The show was loosely set up as a kind of game-show or 'reality' experiment show, with two 'presenters', five 'competitors/experimentees' and the odd 'expert'. As the audience enter the space, we're asked whether we consider ourselves a "success" or a "failure". The show starts with the two presenters introducing themselves as failures (aspiring to success) before listing the top five characteristics of successful people. Apparently, "successful people" are: Confident, Funny, Loving, Well-Connected and Ruthless. These characteristics are represented(?)/ embodied(?) by five performers who play out how inadequately they fulfill their label. Sometimes an "expert" is brought on to advise, sometimes not. Some of the 'competitors' get better at their characteristic, some don't.
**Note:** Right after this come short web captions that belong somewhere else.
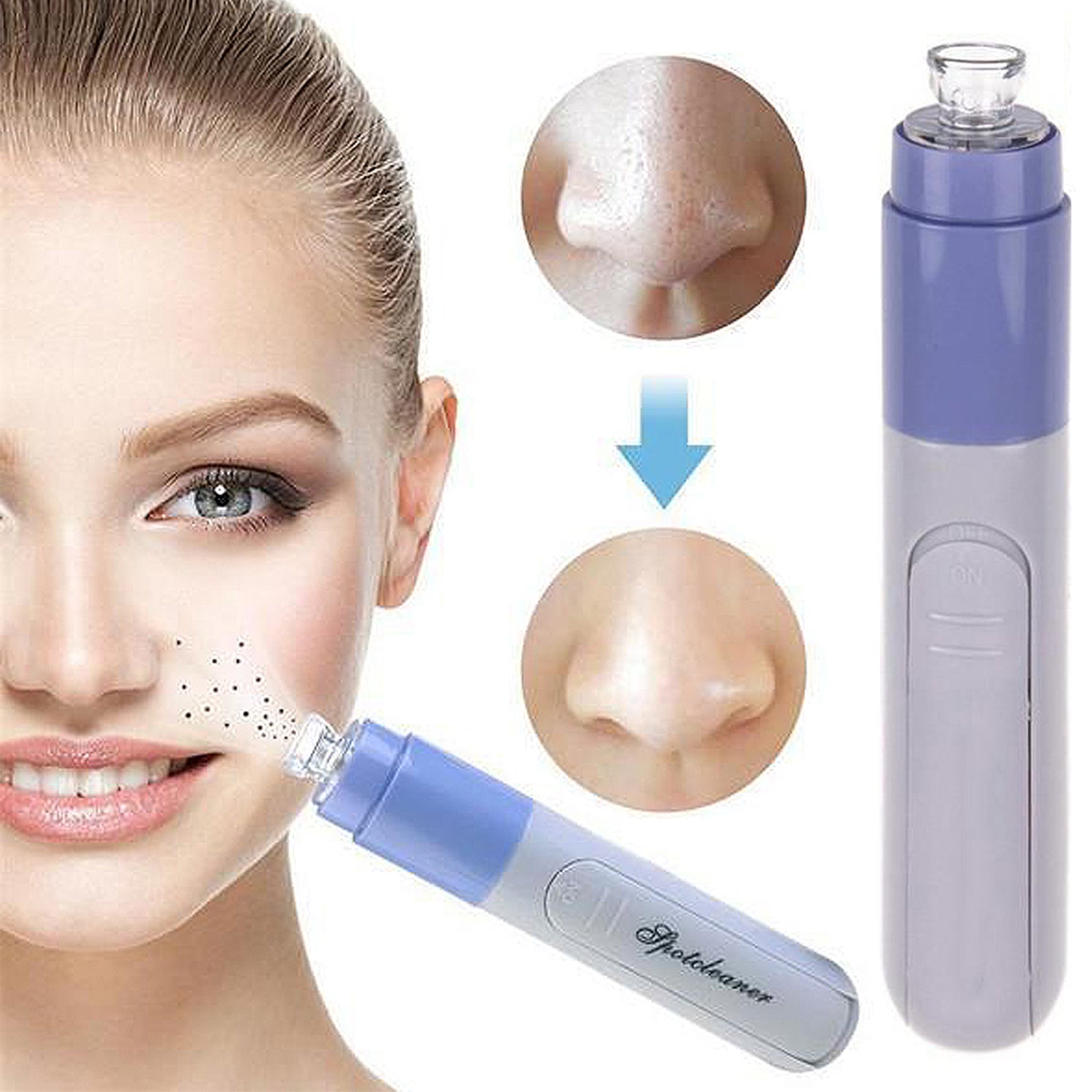 Facial Pore Cleanser, Battery-Operated Suction Skincare Tool, 1 or 2 Pack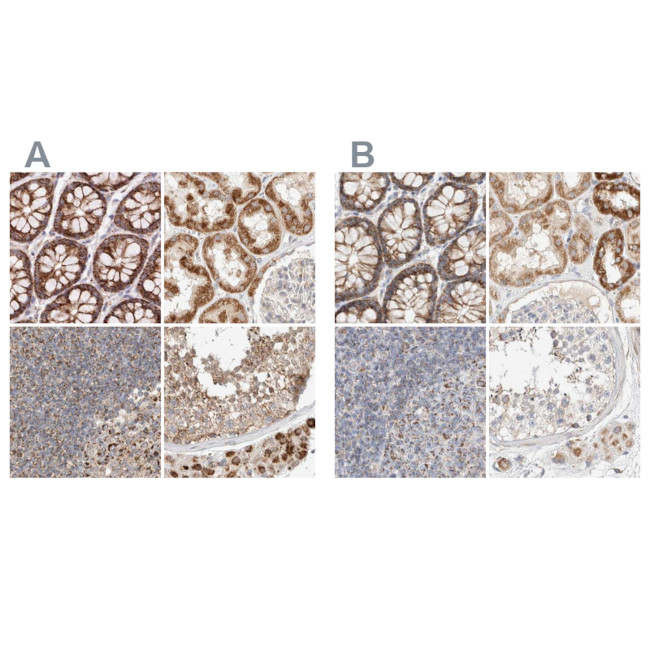 RNMTL1 Antibody in Immunohistochemistry (IHC)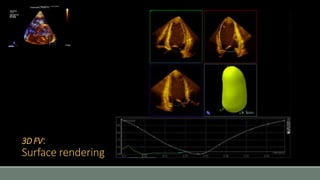 3D FV: 
Surface rendering 
 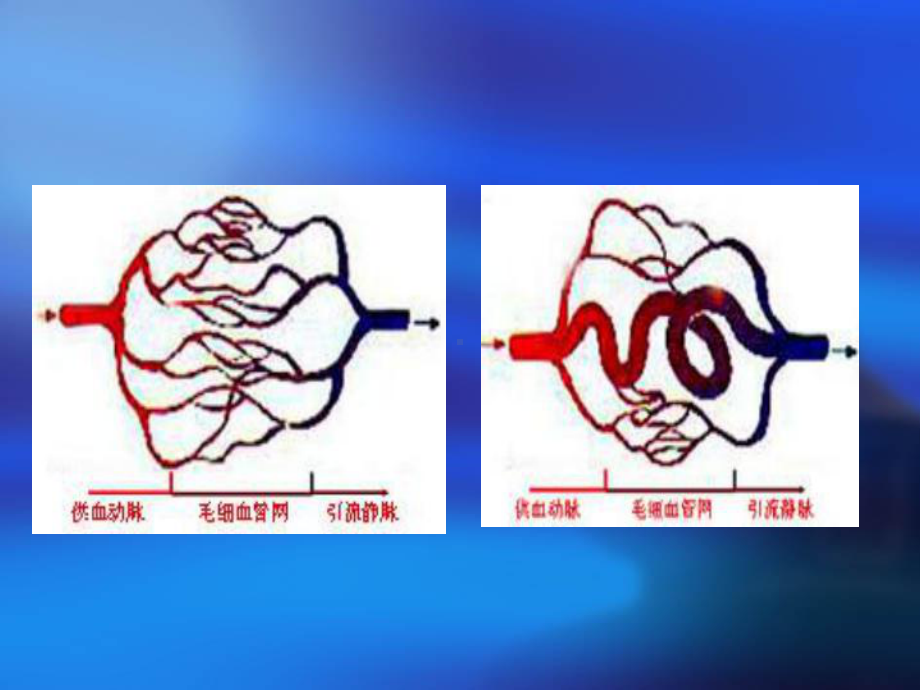 动静脉畸形讲义课件.ppt_第3页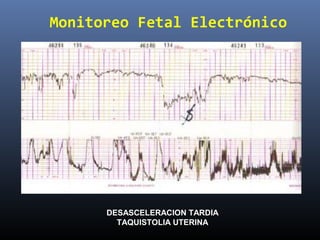 Monitoreo Fetal Electrónico
DESASCELERACION TARDIA
TAQUISTOLIA UTERINA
In my experience, there are a number of traps that graduate shows tend to fall into, and this one fell into the "light comedy for Edinburgh" one. As you can probably tell, I'm far too jaded to expect anything at all from a graduate show, but I find this works as a good strategy for keeping me in check, so that I a)spit only the appropriate level of vitriol at the rubbish bits, and b)get pleasantly surprised at anything that shows a glimmer of potential quality.

Well this had a couple of glimmers going for it - there weren't any outstandingly bad performers (the material was so patchy though, that it was difficult to tell how good any of them actually were); and they were clearly unafraid of using humour in a 'ballsy woman' kind of way. I think it's the impact of Smack the Pony and Spaced.

My main criticism is about the lack of rigour in its writing and structure. It called itself an experiment, but then played fast and loose with that frame (findings presented before the experiment took place, complete lack of clarity as to what the objective of the experiment was). I know it's NOT A REAL EXPERIMENT, but if you want me in the audience to pretend that it could be, I need you on stage to act convincingly like it could be. But there was barely any reference to any of the conventions of an experiment, so the whole framework became a distraction and a bit irrelevant. It's possibly the secret science geek in me, but I hate it when artists do that. I feel like I'm being cheated by someone who doesn't think they have to try very hard to cheat me. Make more of an effort to cheat me, you artists!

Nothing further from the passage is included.